Kai carefully poured processed herb extract into a containment cylinder.

"You are overworking yourself," Elias said suddenly.

Kai almost dropped the container.

"…Did you just express concern?"

"I am observing declining efficiency."

"Ah. Emotional growth cancelled."

The scientist ignored him.

Again.

A holographic body scan appeared above the table.

Mana circulation pathways glowed brighter than before.

"Interesting," Elias muttered.

Kai narrowed his eyes.

"That word usually creates suffering."

"Your adaptation rate exceeds projections."

"…Good exceeds?"

"Yes."

Kai blinked.

That sounded dangerously close to praise.

Elias enlarged several sections of the scan.

"Your cultivation foundation is unusually stable."

Kai frowned.

"I thought my talent was average."

"It is."

"…You somehow made that insulting."

"Talent determines initial growth speed. Stability determines long-term optimization."

Kai stared quietly at the glowing scan.

Average talent.

Stable foundation.

Maybe being ordinary wasn't completely useless after all.

Elias continued speaking.

"Many talented cultivators damage their foundations pursuing rapid advancement."

Several damaged mana pathways appeared on-screen.

"Power without stability collapses eventually."

Kai pointed at one image.

"That one looks medically tragic."

"That student likely exploded."

"…Cultivation continues sounding unhealthy."

At the end of the month, Greyhaven updated the rankings.

Students crowded around the digital boards before classes started.

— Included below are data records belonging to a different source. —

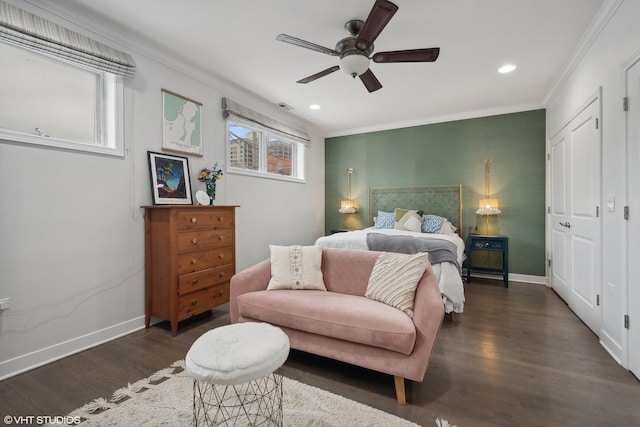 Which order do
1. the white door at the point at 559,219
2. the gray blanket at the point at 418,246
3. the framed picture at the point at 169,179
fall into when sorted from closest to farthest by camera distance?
the framed picture at the point at 169,179
the gray blanket at the point at 418,246
the white door at the point at 559,219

Arguments erupted instantly.

Several people celebrated.

Others suffered emotionally.

One student looked seconds away from spiritual awakening through rage alone.

Kai pushed through the crowd beside Rowan.

"Please don't react dramatically this time," Rowan warned.

"I am emotionally disciplined."

"You screamed last ranking cycle."

"That was tactical motivation."

The rankings refreshed.

Kai Verdan.

Rank 168.

Silence.

Then whispers spread almost immediately.

"Again?"

"He climbed another sixteen ranks."

"How?"

"That's impossible for someone with average awakening scores."

Kai pretended not to hear anything.

Internally?

His ego ascended briefly into heaven.

Rank 168.

Still far from Top 100.

But no longer unreachable.

Progress felt addictive.

Dangerously addictive.

Rowan stared at the board.

"You're improving way too fast."

Kai adjusted his hood mysteriously.

"The truth of cultivation transcends common understanding."

"You definitely sound suspicious now."

"Excellent."

"You're smiling again."

"I am cultivating aura."

"You look constipated."

Kai's smile vanished instantly.

Emotional damage.

Later that afternoon, Kai opened his locker.

A folded note rested inside.

Stay in your lane.

Kai stared at it quietly.

Then slowly smiled.

"Oh."

Rowan immediately looked concerned.

"That expression usually creates disasters."

Kai folded the note carefully.

"The ranking war has begun."

Somewhere nearby…

several students unknowingly prepared to make very poor life decisions.